Of all the things we are denied at the moment, the warm glow provided by the hospitality sector is possibly the biggest gap in our collective enjoyment.
With lockdown set to last until at least the middle of February, chefs and restaurants have found all kinds of innovative ways to stay in business. Many have turned to home meal kits to try to give you the eating out experience when you have to eat in.
As the crisis continues, they’ve grown more popular and sophisticated. A Scots restaurant in London, Mac and Wild, are selling haggis-taco kits for nationwide delivery and Contini’s in Edinburgh are offering a Burns Supper at home for Monday with a suggested playlist to go with your three-course feast.

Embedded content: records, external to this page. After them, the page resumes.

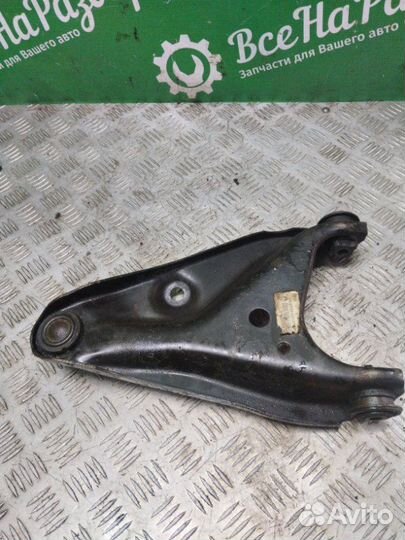Рычаг передний левый Renault Logan
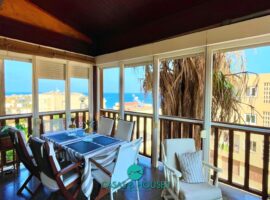 Magnífico y singular apartamento en Cala Flores con vistas al mar.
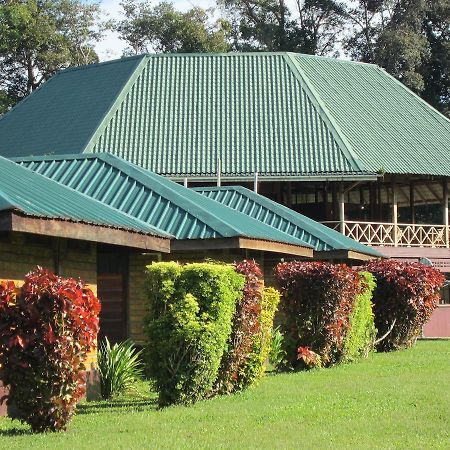 Iwokrama River Lodge Makari Bagian luar foto
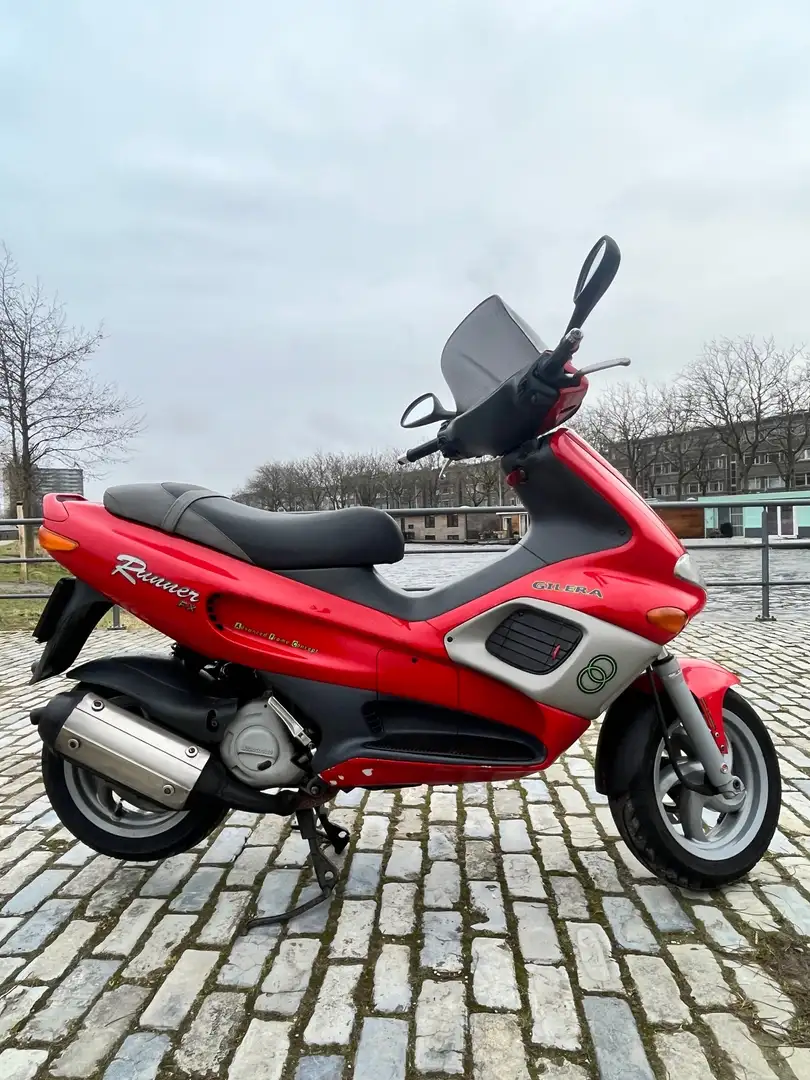 Gilera Runner 180 Gilera Runner 172cc SD Red - 2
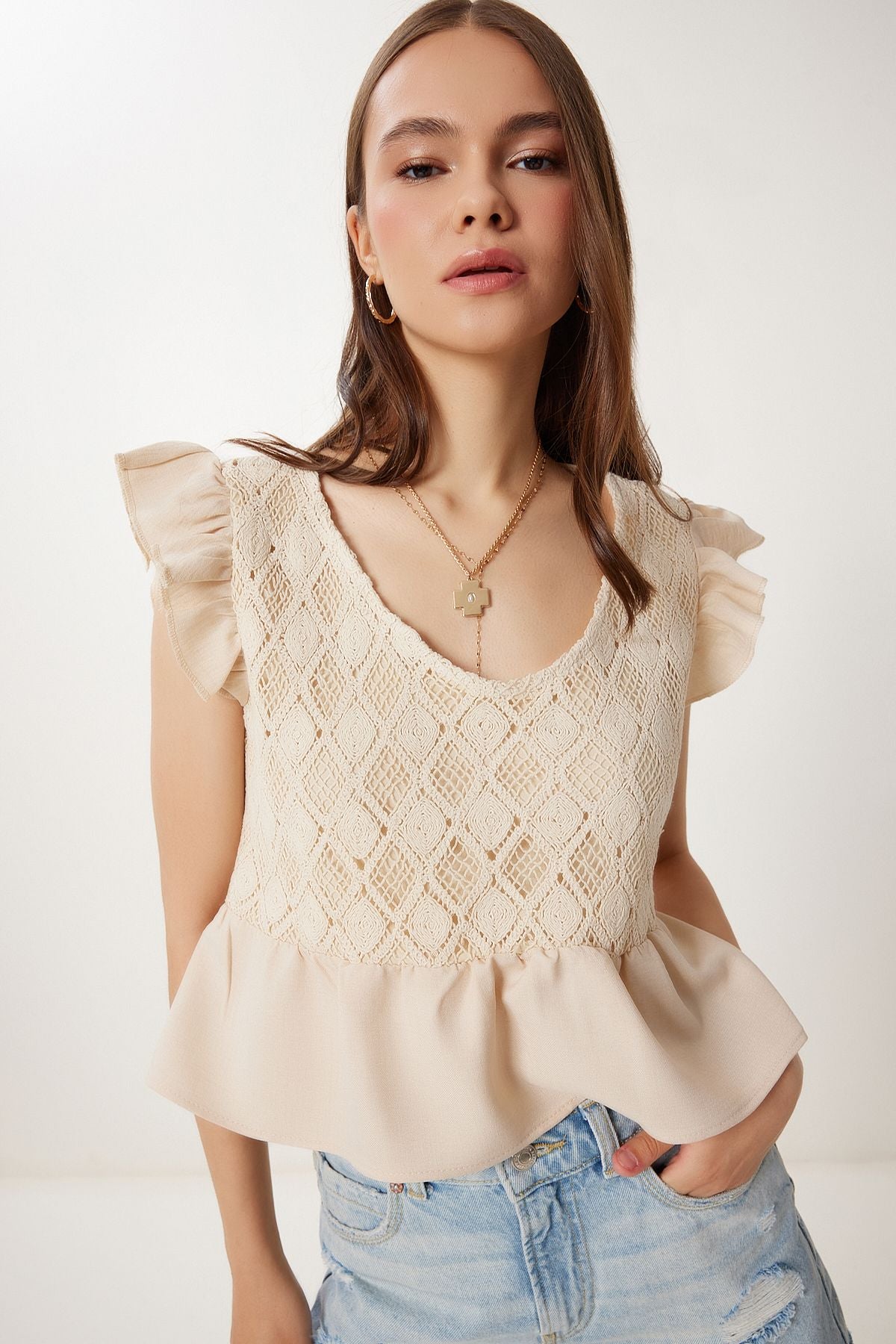 Krem Dantel Detaylı Volanlı Crop Keten Bluz TP00093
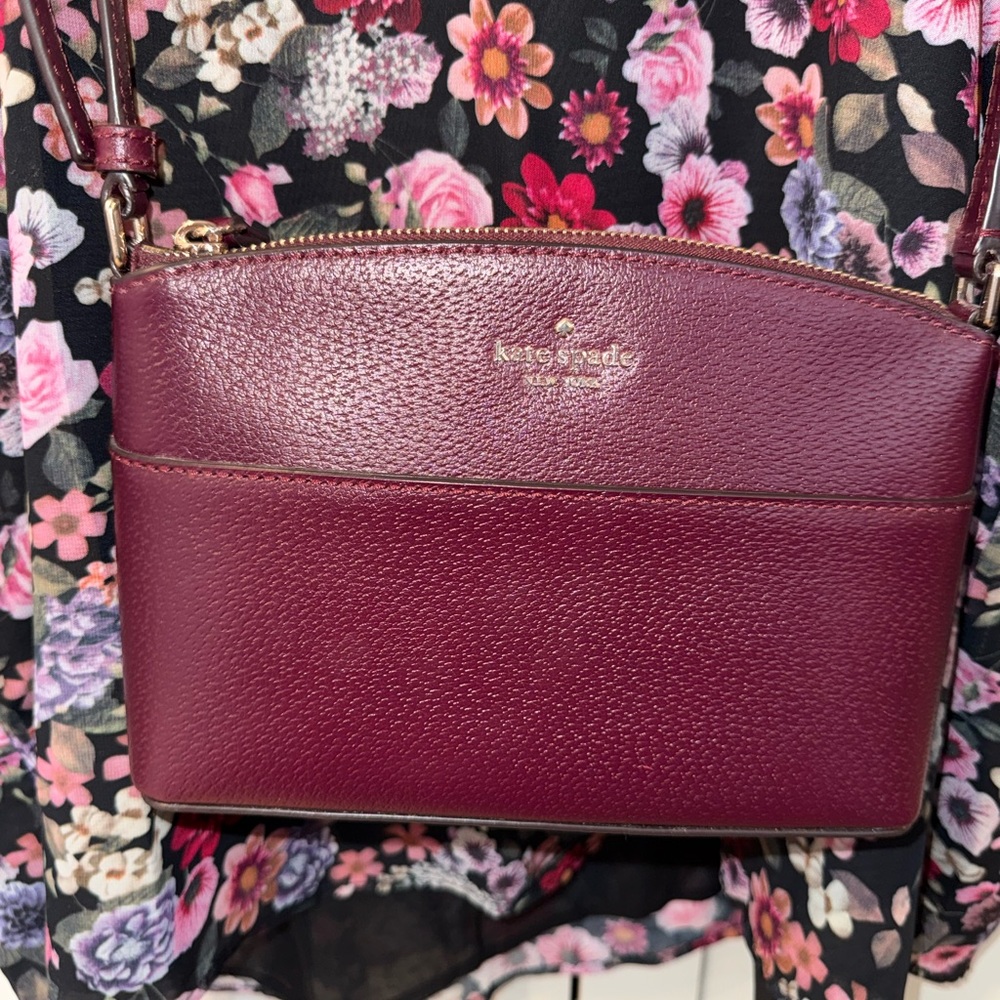 Kate Spade New York Burgundy Leather Crossbody Bag NWOT Adjustable Strap 💼 💜❤️ - Picture 7 of 8
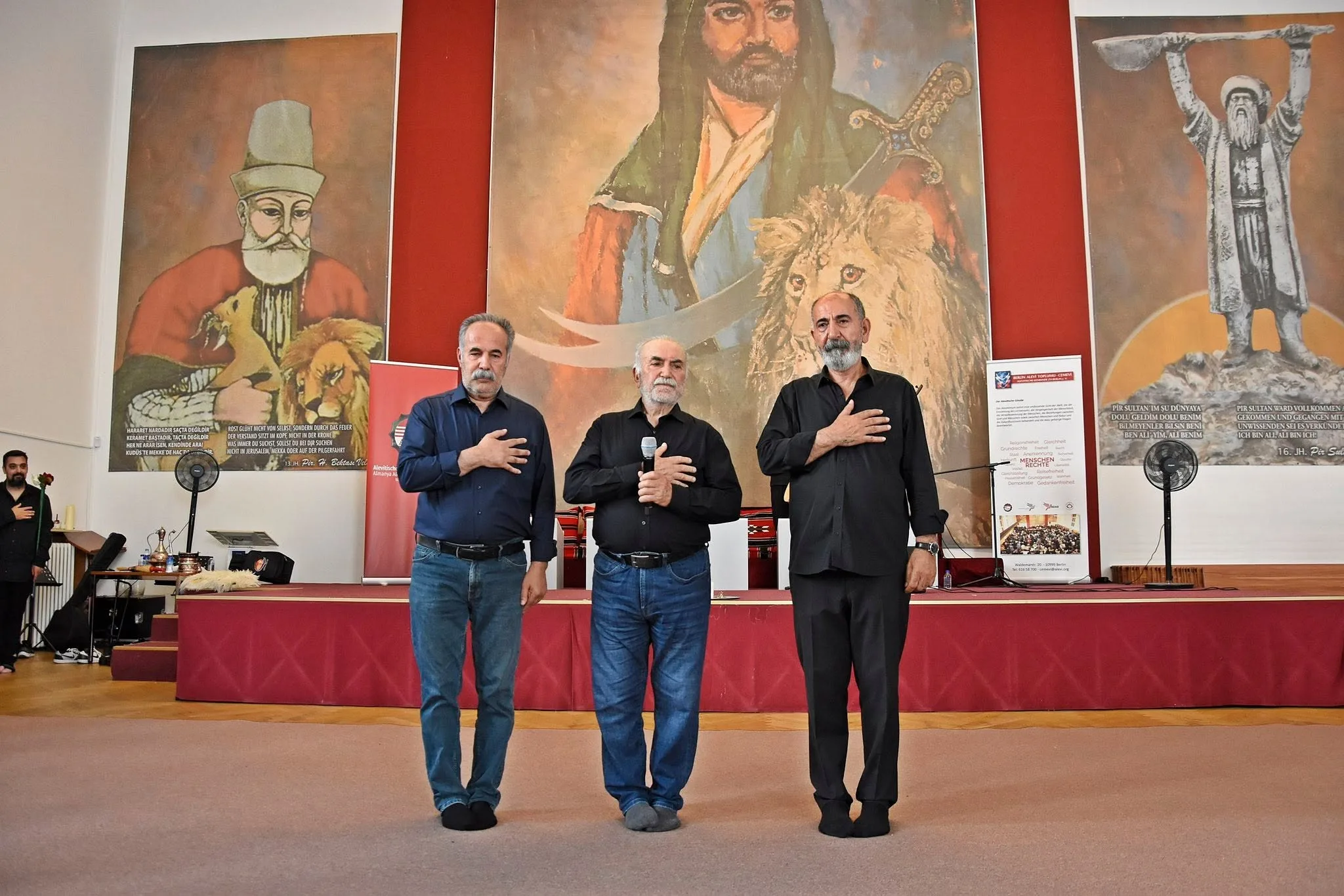 Berlin’de Muharrem Ayı, Aşure Lokması ve Cem Erkanıyla Tamamlandı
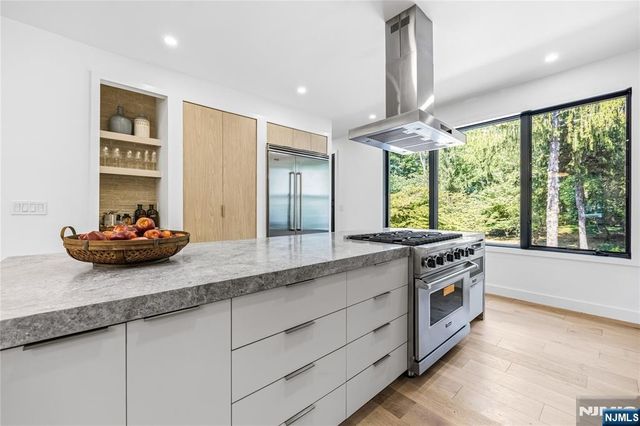 125 Hudson Avenue, Tenafly, NJ 07670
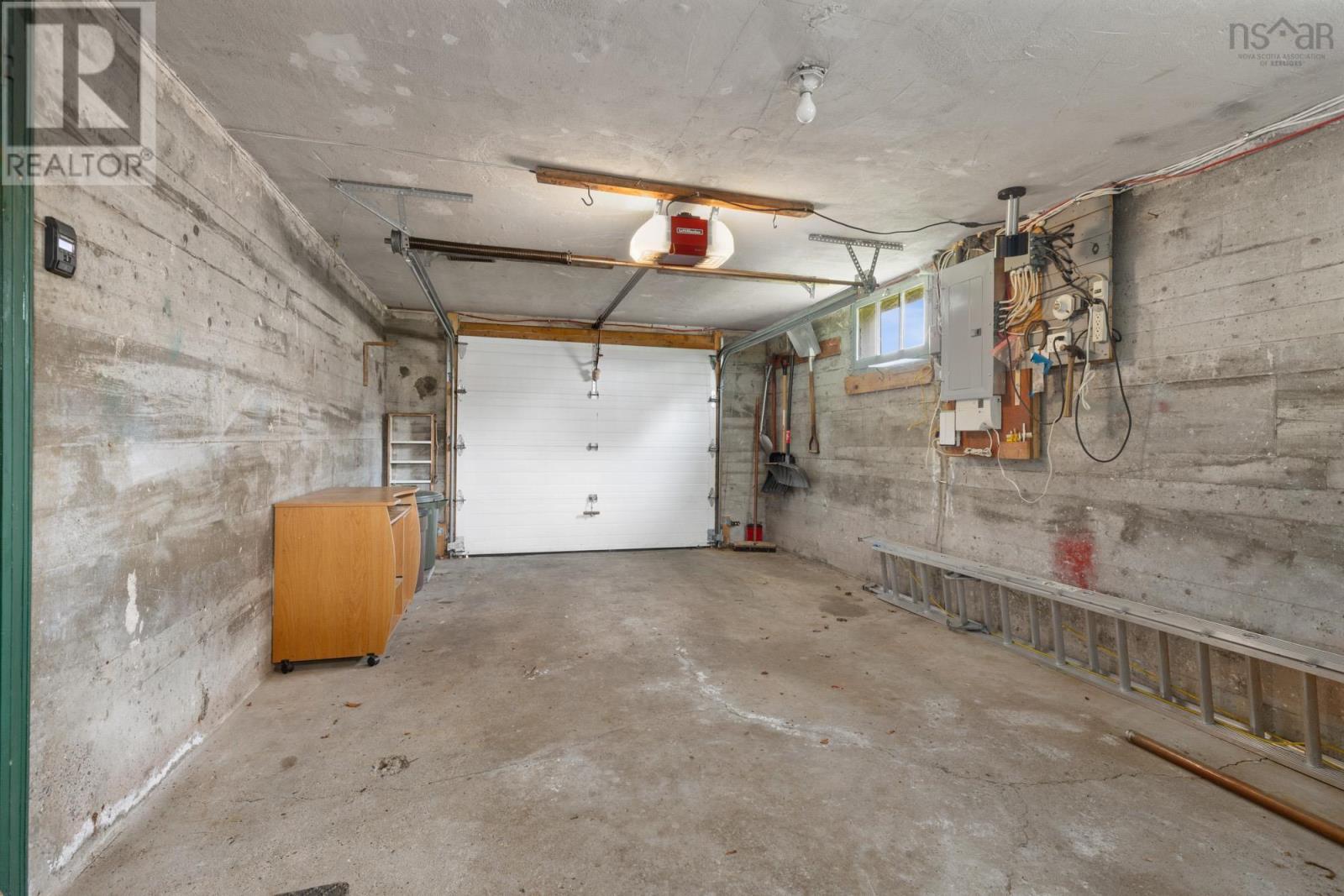 Property 21 of 39 of 102 Torrington Drive
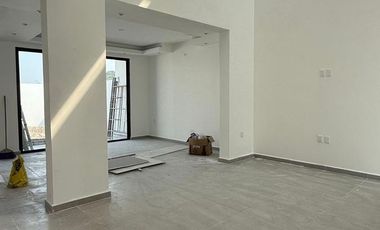 LOMAS DEL DORADO, Casa en VENTA con jardin y 3 recamaras con baño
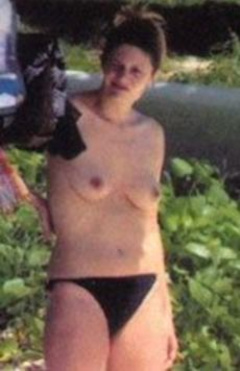2. Chiara Mastroianni – topless at the beach
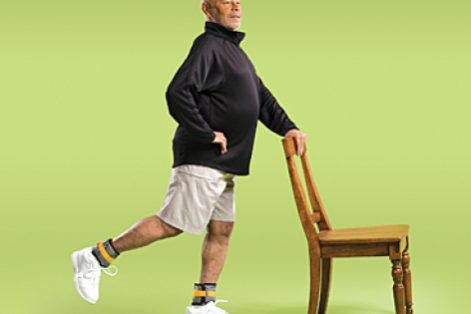 تمرین بلند کردن پا از پشت تمرین های قدرتی سالمندی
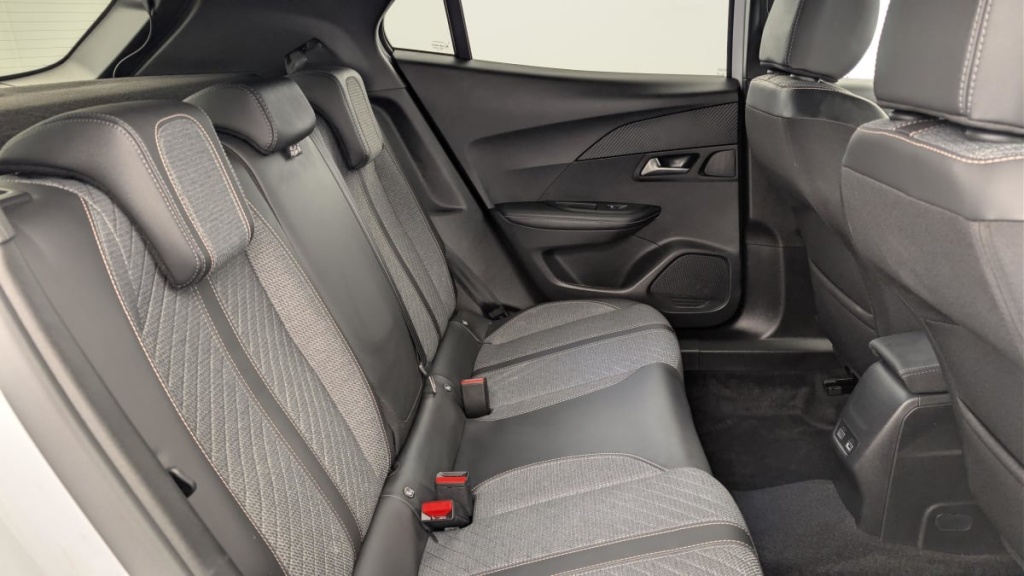 PEUGEOT 2008 Hybrid 145 e-DCS6 Allure - ref: 1-371433 - Photo 10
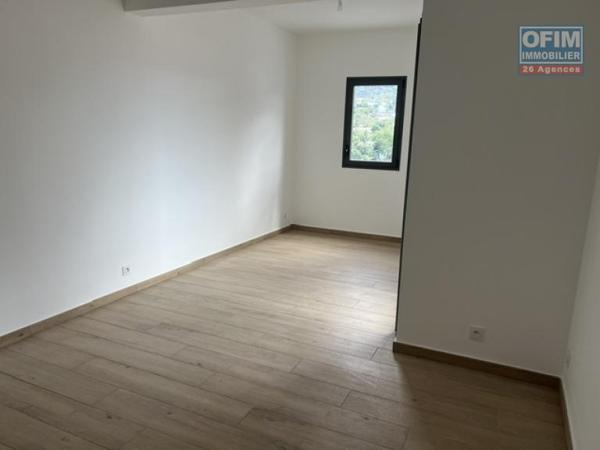 A Louer appartement de type T3 neuf dans une petite résidence sécurisée centre ville de L'ETANG SALE LES HAUTS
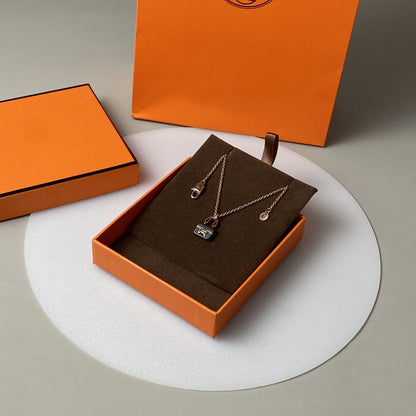 [AURORA]CONSTANCE SCHWARZER ANHÄNGER ROTGOLD HALSKETTE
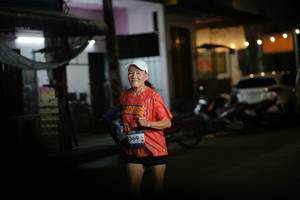 BIB: 369
                            <button type="button" onclick="openModal(26233768)" class="btn btn-primary btn-sm float-right btn-popup" data-toggle="modal" data-target=".modal-high-quality">
                        <i class="fas fa-shopping-cart"></i> Add to Cart
                    </button>
                                            <button type="button" onclick="isThisMe(26233768, true)" class="btn btn-success btn-sm float-right btn-popup btn-isme hidden" data-toggle="tooltip" data-placement="bottom" title="นี่คือรูปของคุณใช่ไหม คลิกที่นี่เพื่อเอาเข้าอัลบั้ม">
                        <i class="fas fa-plus"></i> Add to album
                    </button>
                    <button type="button" onclick="isThisMe(26233768, false)" class="btn btn-warning btn-sm float-right btn-popup btn-isnotme hidden">
                        <i class="fas fa-ban"></i> Remove from album
                    </button>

These ideas will get us through the dark days of January lockdown but they are no substitute for what we are missing. Ordering a pudding when you are full because you just can’t resist something delicious on the menu. That extra drink at the end of the night that is so much fun at the time but such a bad idea the next day. Celebrating a birthday or anniversary with friends or relatives around a table where everyone is happy. These human moments of joy are gone but not forgotten.
Whenever lockdown ends, the hospitality sector will be fundamentally changed by the pandemic. In the States, over 100,000 restaurants have closed permanently in the past year and here job losses in the industry are up 163 per cent.
Some changes will be for the good. Coronavirus probably spells the end of the sharing-plates phenomenon. It will also hasten the demise of the no-reservations craze where you had to queue for an hour for some badly poached eggs and a coffee hand curated in 20 minutes by a hipster called Frederico. Neither will be missed.
On Monday night, this year’s Michelin stars will be awarded at a ceremony in London. Delayed from last year, it’s a symbol of confidence that the industry will overcome the current storm.